Introduction

Spatial transcriptomics is the visualization and quantification of gene expression in tissue sections, maintaining the spatial context of the tissue architecture. One technology for spatial transcriptomics is 10x Genomics Visium. It uses a slide with an array of spots, each containing barcoded oligonucleotides, to capture mRNA from tissue sections placed on the slide. The mRNA then undergoes high-throughput RNA sequencing. The raw results from Visium experiments include a microscopy image of the tissue slice on the Visium slide and sequencing reads in FASTQ format. In order to use this data to reveal insights into cellular microenvironments, cellular heterogeneity, and spatial relationships within tissue, the data require processing, including the typical steps taken for processing RNA sequencing reads, as well as tissue detection and determination of which barcode spots overlap with the tissue.

Mantle can be used for data management, preprocessing, and downstream analysis of spatial transcriptomics data.

All data, pipelines, and analysis environments in this tutorial are available in your Mantle account.

Raw data

Both images and FASTQ data cannot be easily stored in typical databases. An individual FASTQ file is semi-structured, and images are unstructured. Storing these files within a database as binary large objects (BLOBs) can be challenging due to their large size (typically tens of gigabytes per FASTQ directory).

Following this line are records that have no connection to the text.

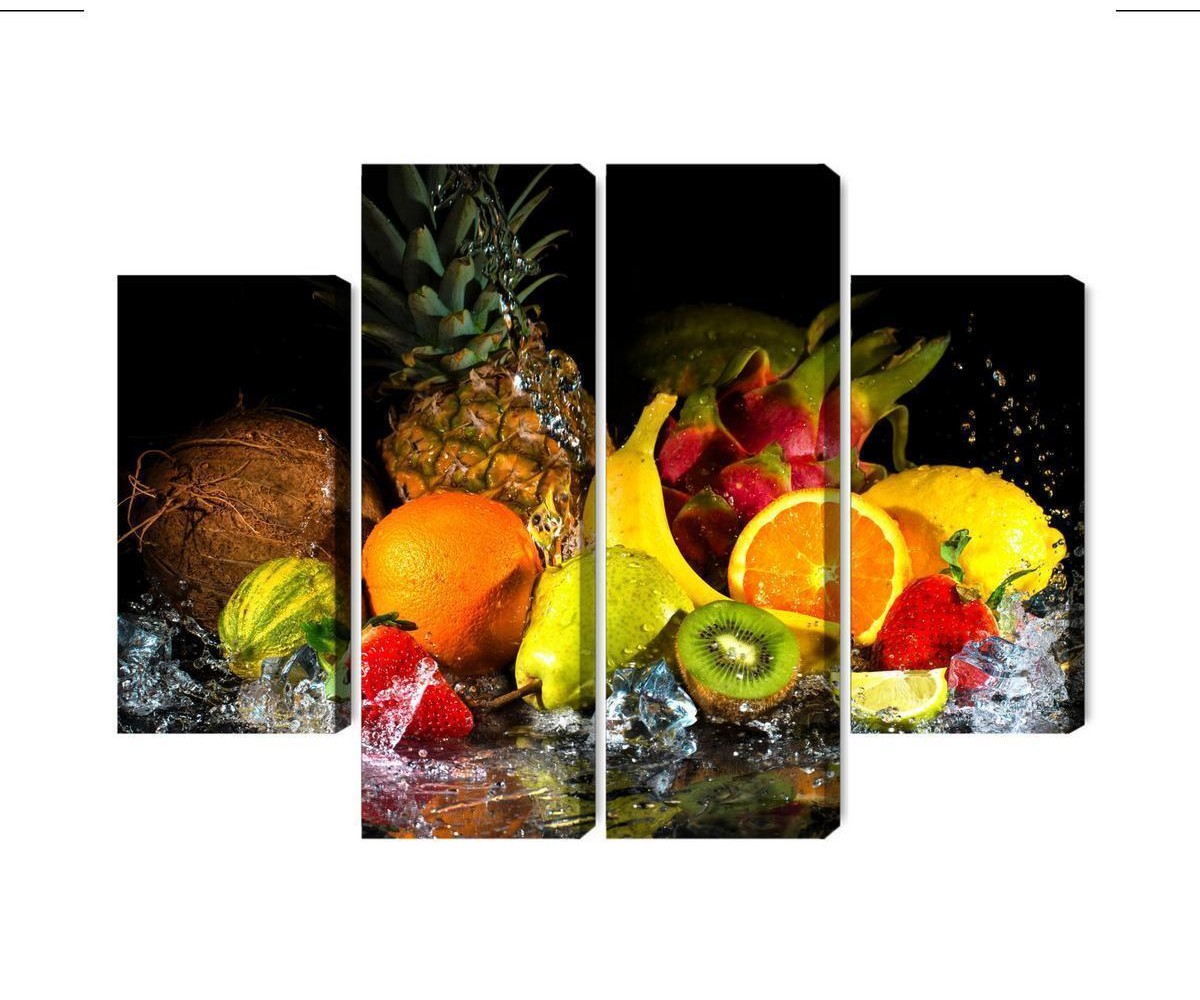 Mehrteiliges Bild Obst Mit Einem Spritzer Wasser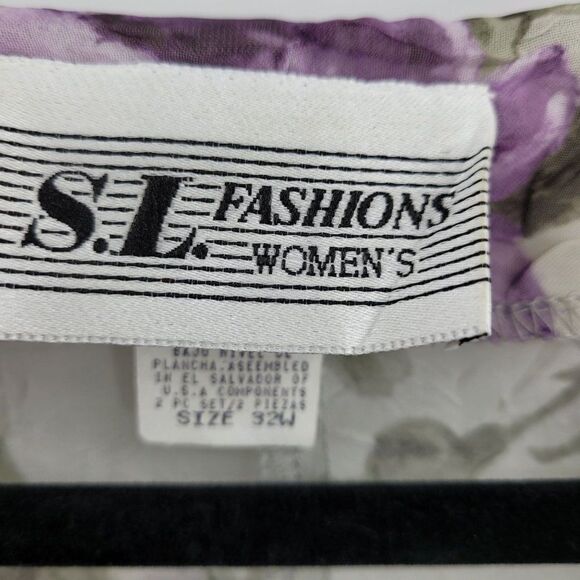 Vintage 80's Dress Set Plus Size 32W Crinkle Chiffon Shift Maxi Floral Sage - Picture 6 of 16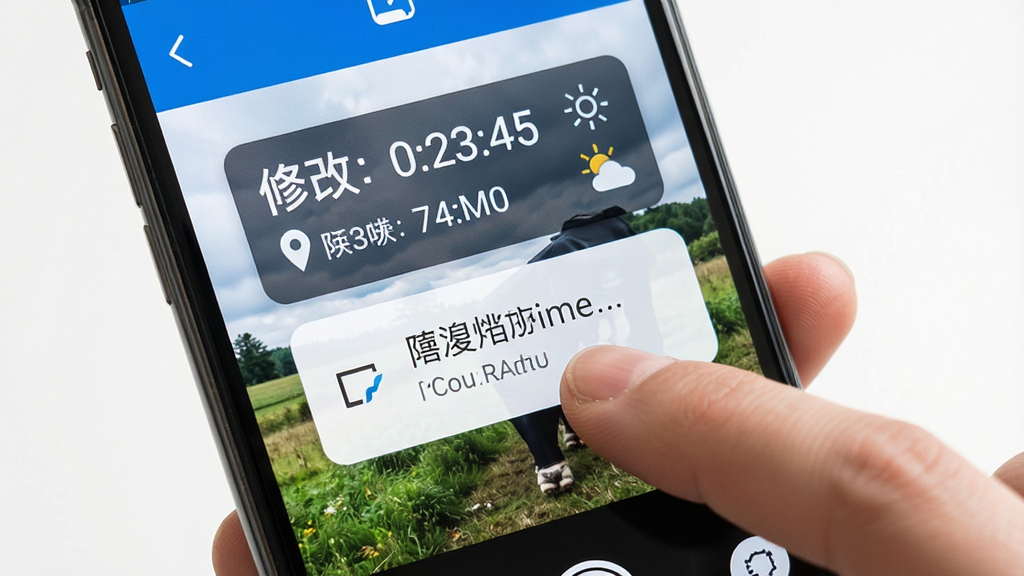 һ��չʾ�޸�ţ���ˮӡ�༭���ܵĻ��棬�������ֻ���Ļ��ʾ����Ԥ�����棬��Ļ����ʱ�䡢�ص㡢������ˮӡͼ�������ڻ����ϣ��û���ָ���ڵ���༭ˮӡ���֣���������ˬ��������ɫ��ϸ�����������ʸɾ����޶���Ԫ��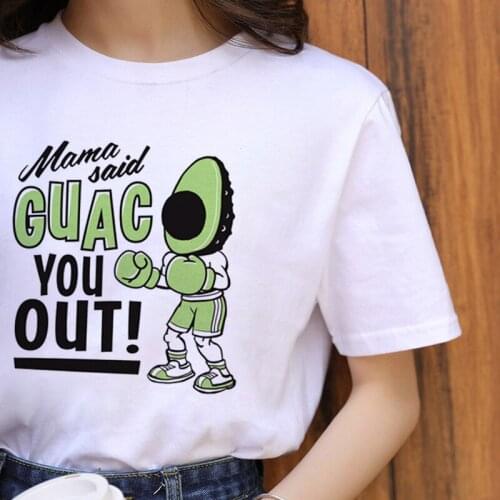 Women Ullzang Vegan Small Fresh T-shirts Avocado Harajuku Funny Cartoon T Shirts 90s Graphic Tshirt Korean Style Top Tees Female
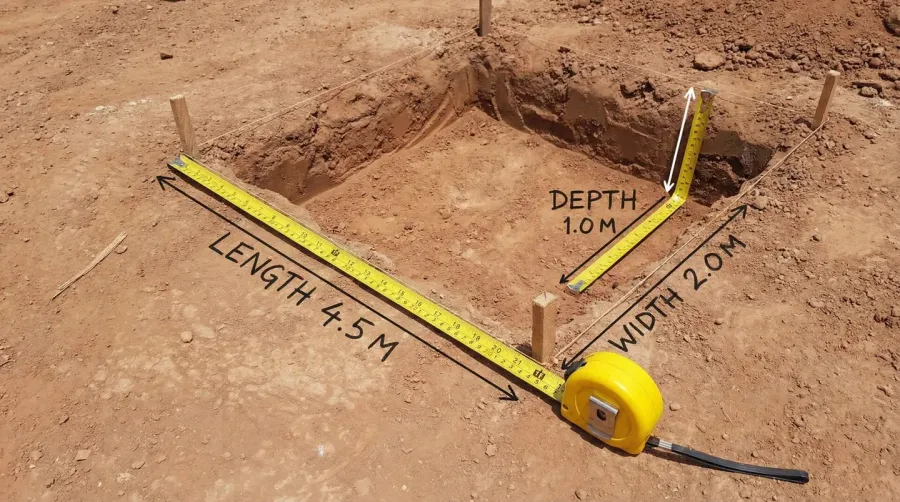 Measuring tape on ground showing length, width, and depth measurements for excavation area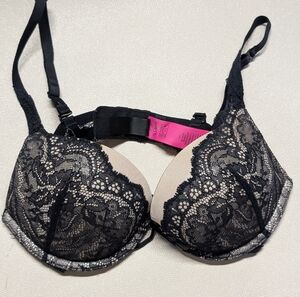 Lace Push-Up Bra Black Shimmer La Senza Hello Sugar Pushup Bombshell 32a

In Mantle, you can store data files and associated metadata together as datasets. Here, experimental data files are stored as datasets of the spatial-experiment data type. Expand to view the properties of spatial-experiment datasets:

In this example workflow, we’ve included a subset of the data from this manuscript:

Sudmeier, et al. (2022) “Distinct phenotypic states and spatial distribution of CD8+ T cell clonotypes in human brain metastases.” Cell Reports Medicine, 3(5), 100620

To perform sequence alignment, a reference genome is needed. 10x has references available for human (GRCH38-2020-A) and mouse (mm10-2020-A) genomes. We packaged them into the spatial-reference datasets.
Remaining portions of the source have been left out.